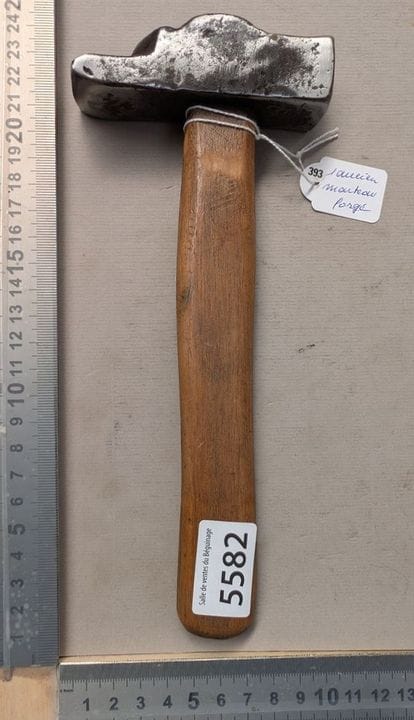 Un ancien marteau forgé rare - Dimensions et état 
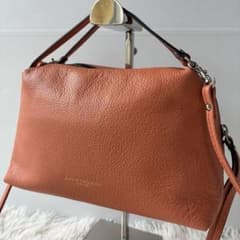 美品 ジャンニキアリーニ アリファ M ショルダーバッグ オレンジ 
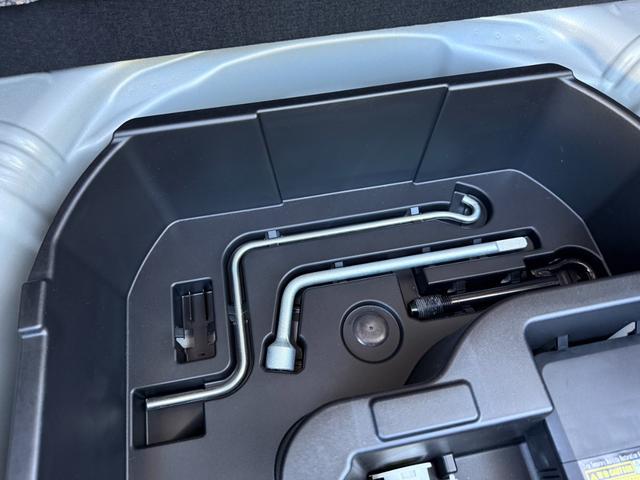 アクア Ｓ　保証１年　修復歴無し　走行２．３万キロ　定期点検記録簿　ＳＤナビ　Ｂｌｕｅｔｏｏｔｈ　ワンセグＴＶ　バックカメラ　車両取説　業者内装クリーニング　スマートキー　関東仕入サビ無　プッシュスタート（57枚目）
◆ ◆ ◆ ◆ ◆
YOUR TASK:
Copy all the lines of data exactly as they appear, dropping any images.

SOLUTION TO THIS PROBLEM:
 Un ancien marteau forgé rare - Dimensions et état 
 美品 ジャンニキアリーニ アリファ M ショルダーバッグ オレンジ 
 アクア Ｓ　保証１年　修復歴無し　走行２．３万キロ　定期点検記録簿　ＳＤナビ　Ｂｌｕｅｔｏｏｔｈ　ワンセグＴＶ　バックカメラ　車両取説　業者内装クリーニング　スマートキー　関東仕入サビ無　プッシュスタート（57枚目）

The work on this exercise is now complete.